One recent advance that I have found particularly exciting is the use of the femtosecond laser in cataract surgery. The evolution of the laser platforms in recent years has resulted in a safer and more precise procedure, decreasing the incidence of complications and increasing its reproducibility. Over the past 2 years, I have been very involved with femtosecond laser cataract surgery, and it has been interesting to see how the technology can benefit patients, from those with mild cataracts to those with challenging conditions.
Another exciting advance concerns multifocality. So many of our patients want to be independent from glasses after phacoemulsification. Recently, we received approval in Brazil to use trifocal lenses and extended depth of focus lenses in addition to some new multifocal IOLs.
With regard to advances in the pipeline, I am very interested in the intracameral devices that have been developed to make automatic capsulotomies even faster than the femtosecond laser. Although the intracameral devices do not perform corneal incisions and phaco fragmentation, I believe there is surgical utility for both the femtosecond laser and these new technologies, as they can easily be used in patients who do not dilate well.
7.What is the focus of some of your research?
Currently, the focus of my research is laser cataract surgery, congenital cataracts, and new imaging devices that are used in the preoperative planning of cataract surgery.
8.What is a typical day in your life? What keeps you busy, fulfilled, and passionate?
A typical day in my life starts with my alarm clock going off at 5:50 AM. By 7 AM, I am at the hospital, ready to start operating. Surgeries last the entire morning, and I have lunch at the hospital, usually discussing administrative issues with my father and our team. In the afternoon, I have clinic, which ends around 6:30 or 7 PM. I exercise for an hour and then go home. After dinner, I usually take some time to prepare lectures or work on papers and my research projects.
Sharing my time between ophthalmology and administrative matters of the Altino Ventura Foundation and the HOPE Eye Hospital; surgery, clinic, and research; and adult cataract patients, congenital cataract patients, and refractive surgery patients keep me busy. The dynamism of the activities in which I am involved and the results I see in my patients make me passionate about what I do.
9.What advice can you offer to individuals who are just now choosing their career paths after finishing residency or fellowship?

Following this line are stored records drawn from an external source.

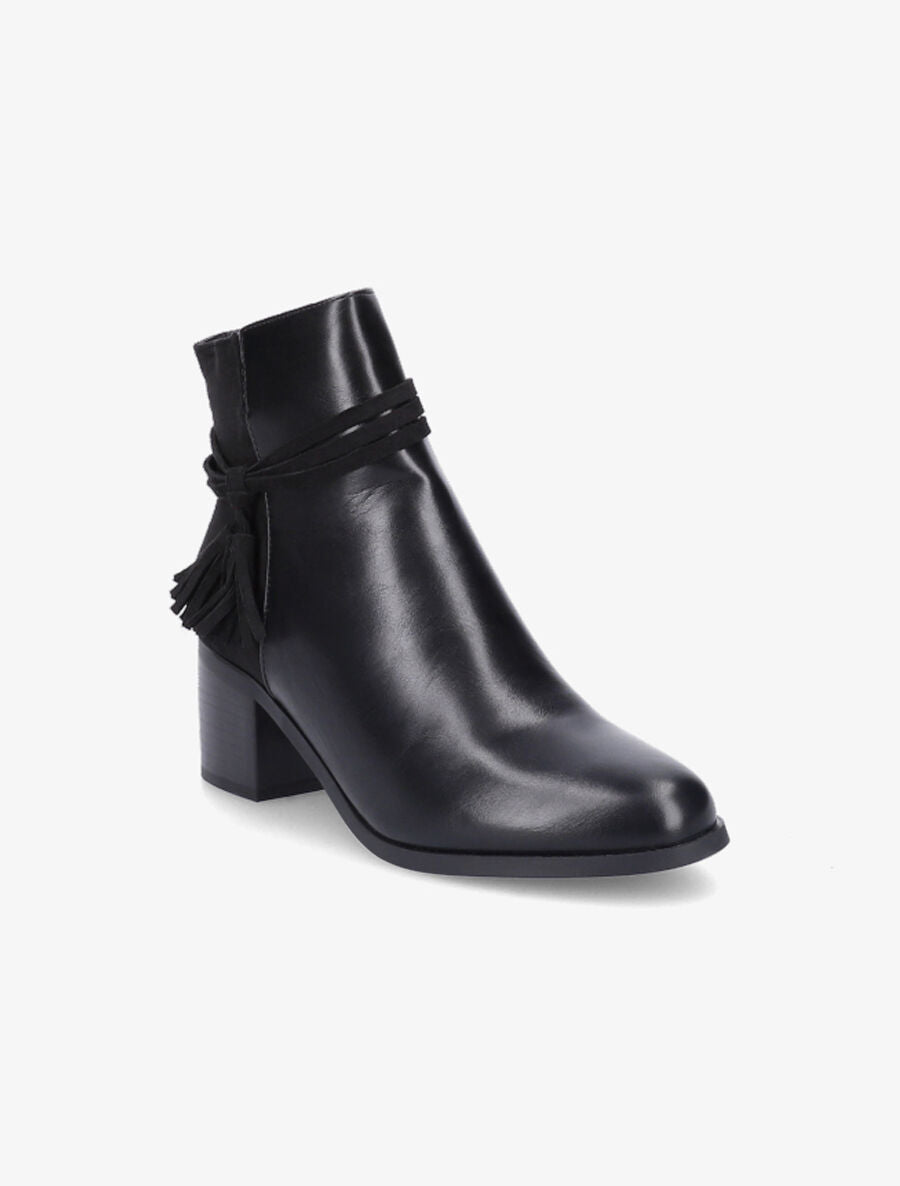 Bottines bi-matière à pompon - Noir - 2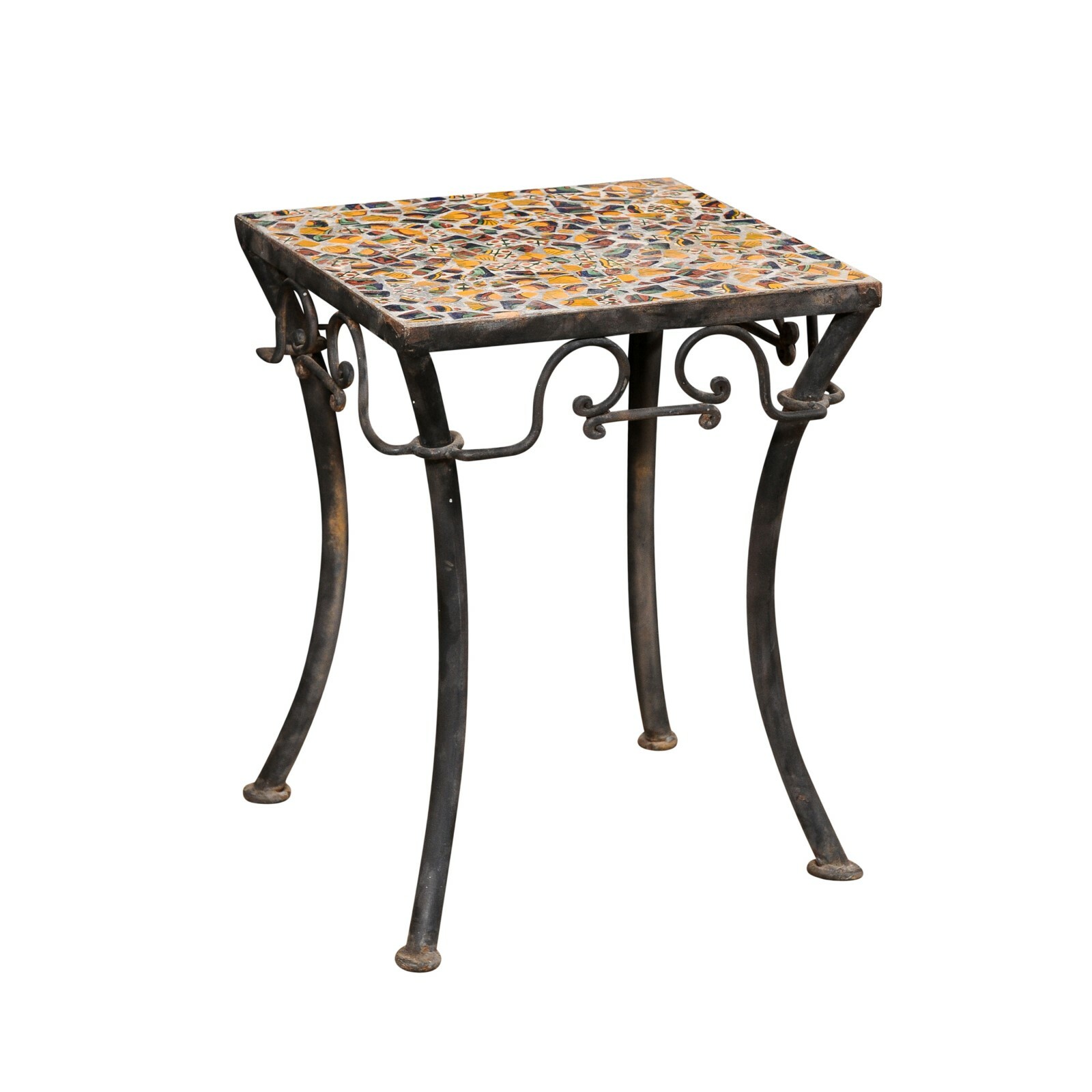 Whimsical Iron Side Table w/Mosaic Tile Top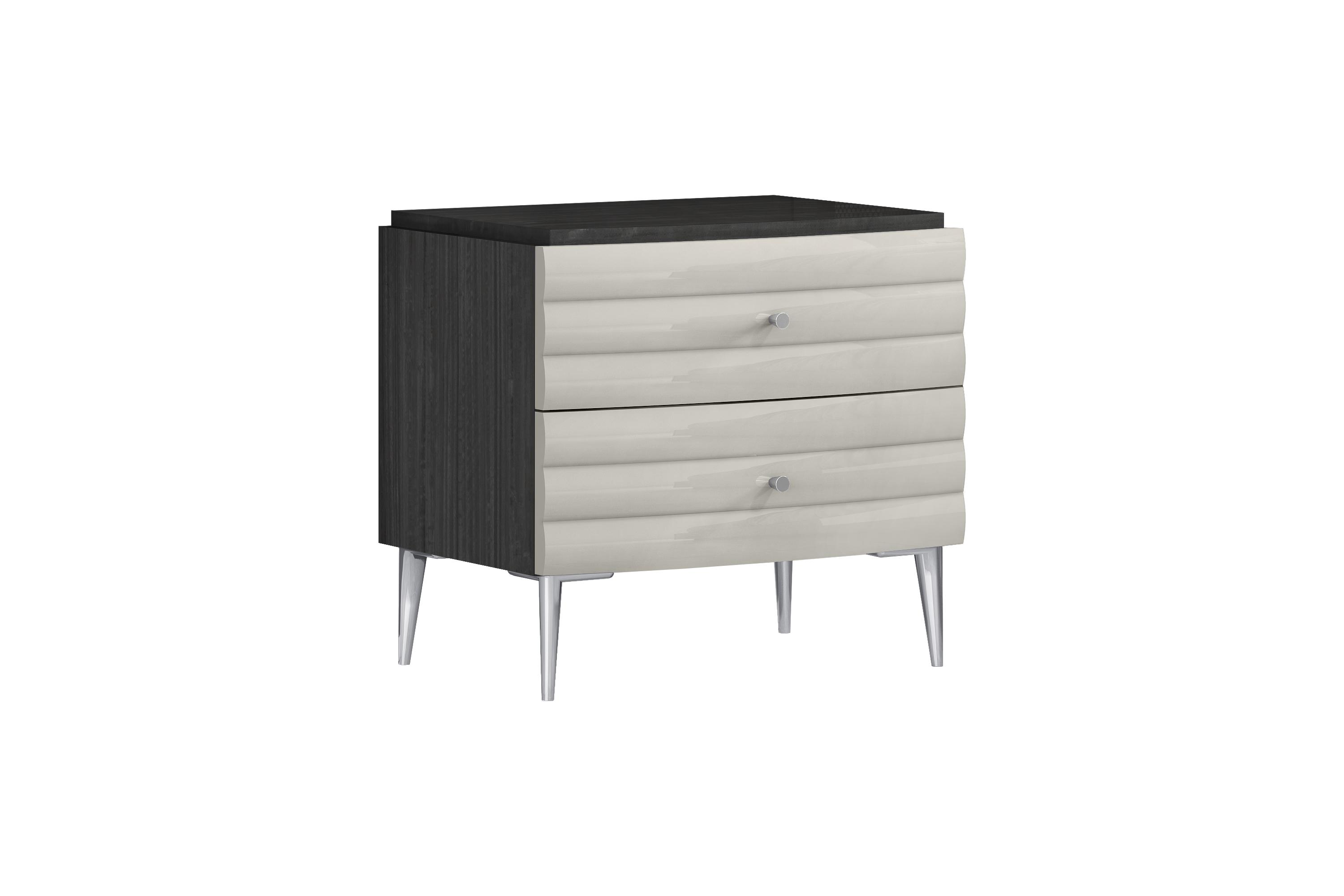 

    
Contemporary High Gloss Dark Gray Solid Wood Nightstand WhiteLine NS1752-DGRY/LGRY Pino
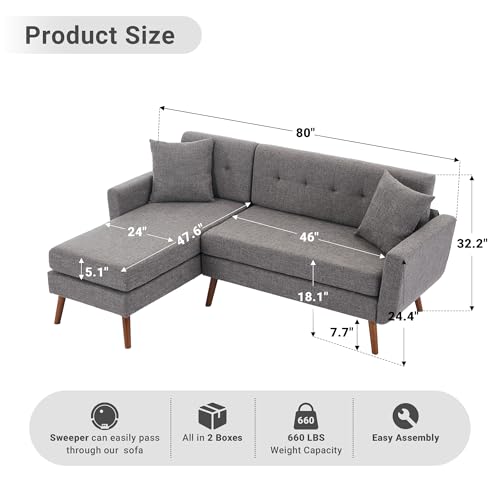 Tbfit L Shaped Couch Sofa, 80" W Mid-Century Modern Sectional Couches, 3 Seater Sofas with Wide Chaise Lounge & Two Pillows,Button Tufted Upholstered Sectional Sofa for Living Room, Bedroom, Gray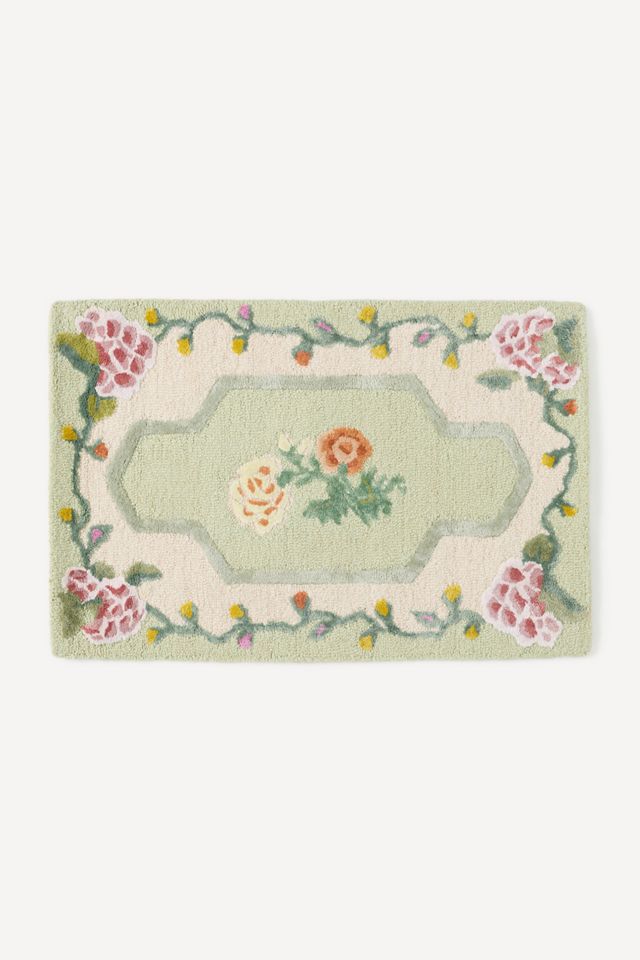 Jensine Tufted Wool-Blend Floral Border Rug #2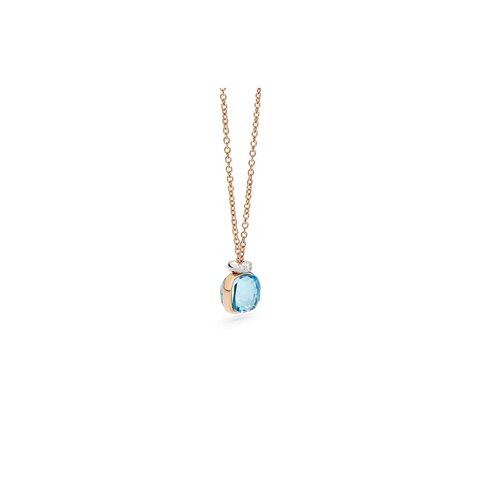 Pomellato ketting in rosé goud 18kt met topaas blauw omringd door briljanten van 0,02 karaat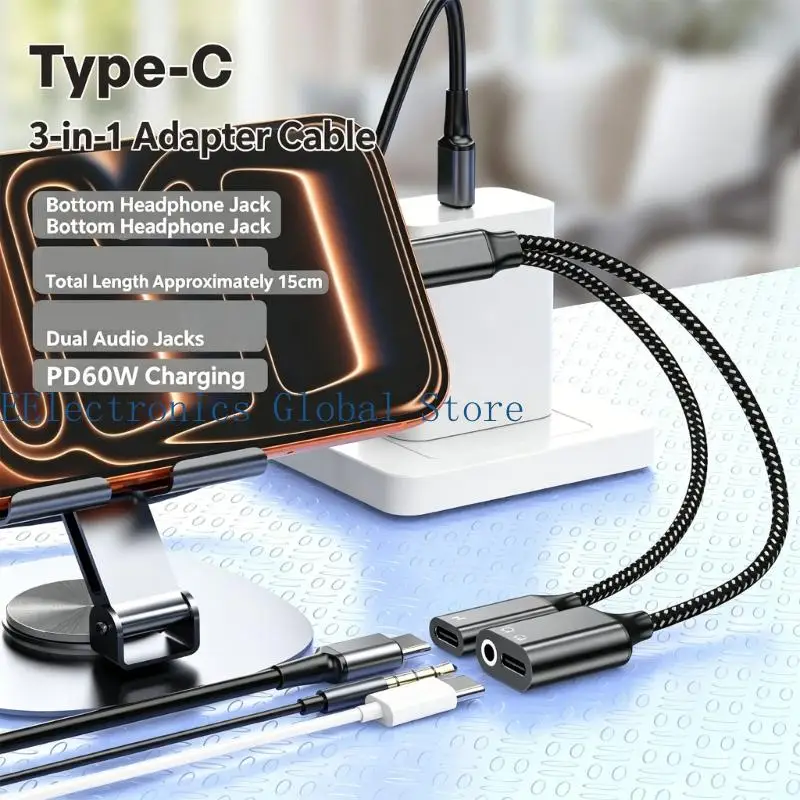 462B Highly Speed 60W Power Delivery Cable USB C to 3.5Mm Music Headphone Adapter For Simultaneous Mobile Devices Use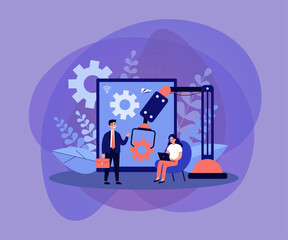 Positive tiny people working with artificial intelligence isolated flat vector illustration. Cartoon characters using computer for work. Digital era and workforce employment social crisis concept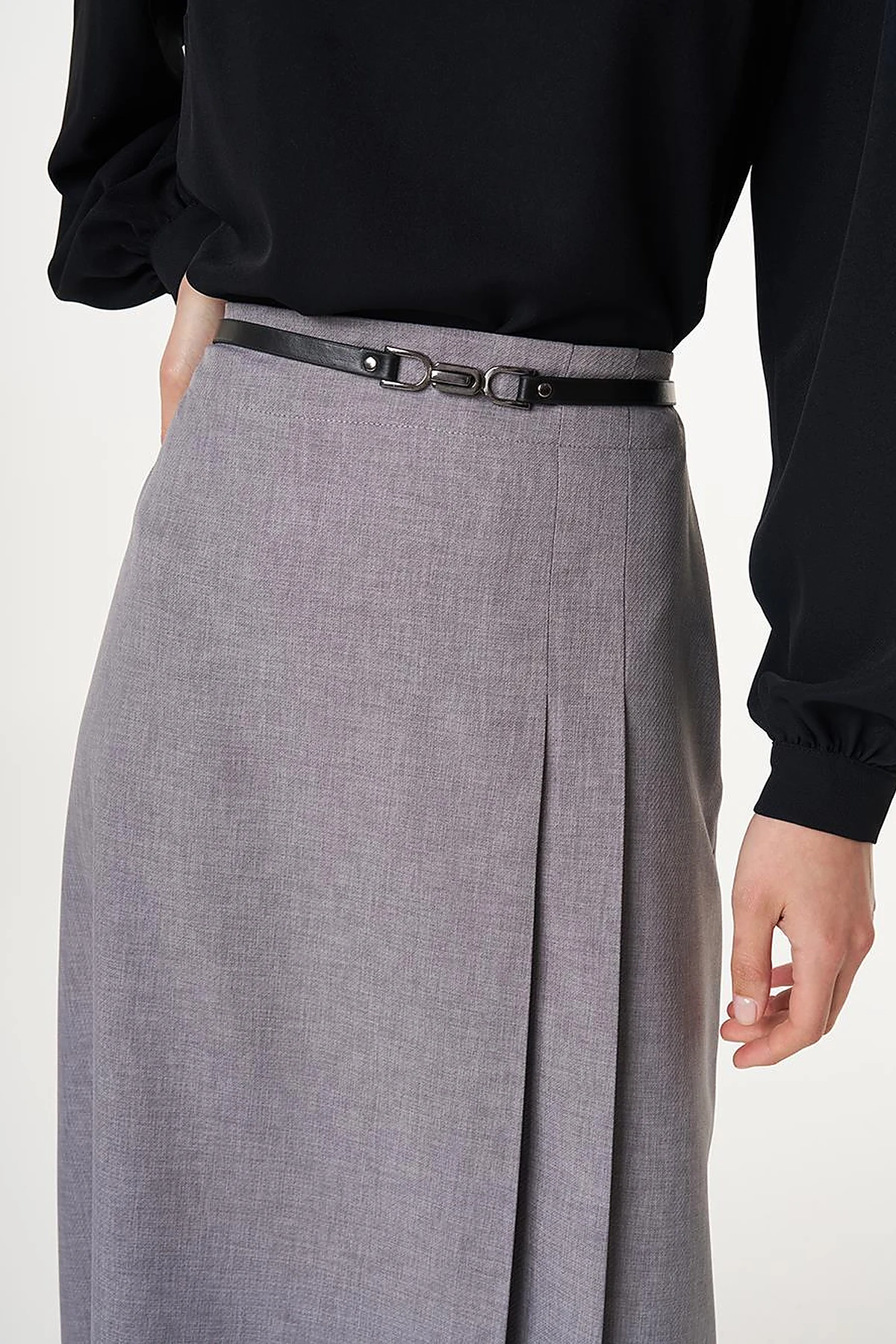 Belted Pleated Skirt Gray 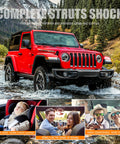 Red SUV navigating mountainous stream under 'Complete Struts Shock' text, highlighting improved comfort and stability.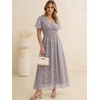 image:imageANRABESS Women Summer Floral Maxi Dress Short Sleeve Boho Flowy Tulle Beach Vacation Wedding Guest 2026 Party Long DressesKhaki Polka Dot Gray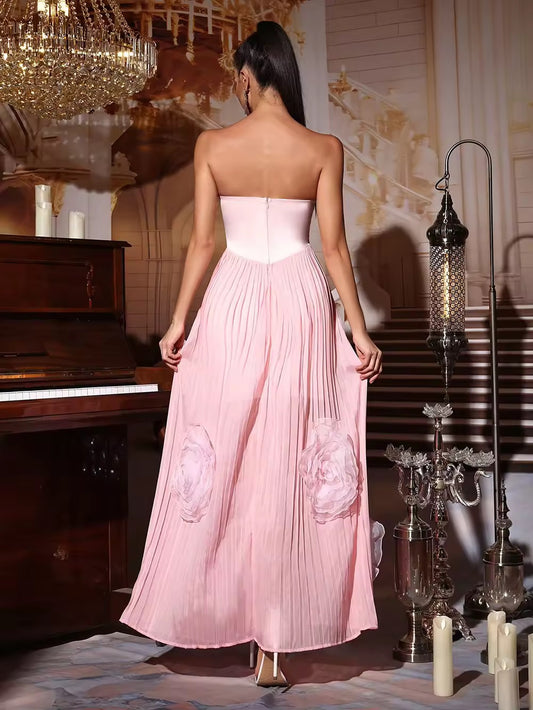 Off Shoulder High Waist Slim Sunflower Pleated Long Dress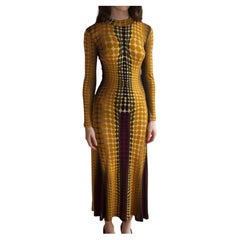 Jean Paul Gaultier 1995 iconic cyber dot print long sleeve maxi dress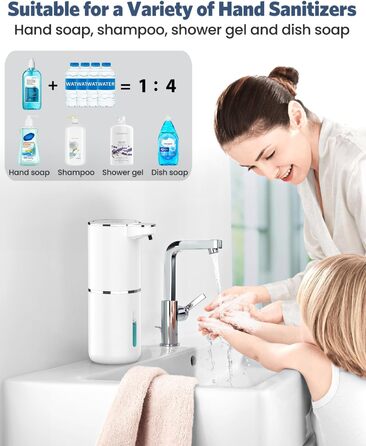 Автоматичний диспенсер мила HAPPHOOH, 380 мл, сенсорний, USB, водонепроникний, для кухні, ванної, школи, готелю, пінистий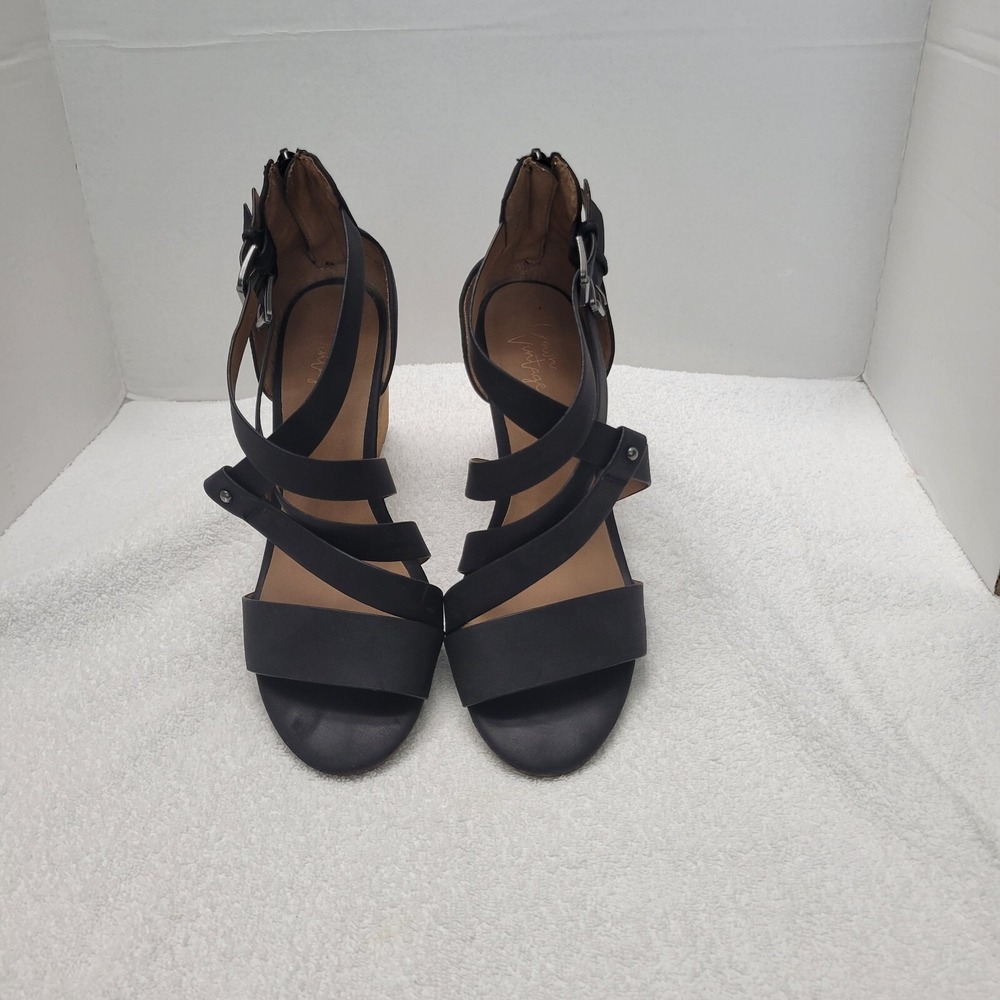 Crown Vintage Black Leather Stacked Wedge Strappy Sandals Womens Size 7.5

My advice would be: Shape your careers so that you can achieve your definition of success. This definition will and should be very personal. Thus, you must first determine exactly what scenario in your future would make you feel successful and then focus on making the choices throughout your career that will enable you to achieve that.
10.Tell us about an innovative procedure you are performing or a new imaging/diagnostic tool that has improved your practice.
The femtosecond laser in cataract surgery has improved my practice. The HOPE Eye Hospital was one of the first hospitals in Brazil to implement laser cataract surgery, so I have been using the LenSx laser (Alcon) since I returned from Houston. I use it routinely to perform relaxing incisions in patients with corneal astigmatism that is not significant enough for toric or multifocal toric IOLs but that would negatively affect vision if left untouched. I am always amazed at how efficient the laser is in fragmenting even brunescent nuclei, significantly decreasing the ultrasound energy spent in their emulsification and transforming these potentially harder cases into a routine scenario.
In one recent case of a brunescent cataract, the nucleus was so dense that the retinal OCT was unable to image the patient’s macula. Intraoperatively, the laser’s OCT was able to image the nucleus, and the laser effectively fragmentated it. Furthermore, in patients with lens subluxation or posterior polar cataracts, the laser’s real-time intraoperative OCT imaging enables a personalized approach for capsulotomy creation and phaco fragmentation.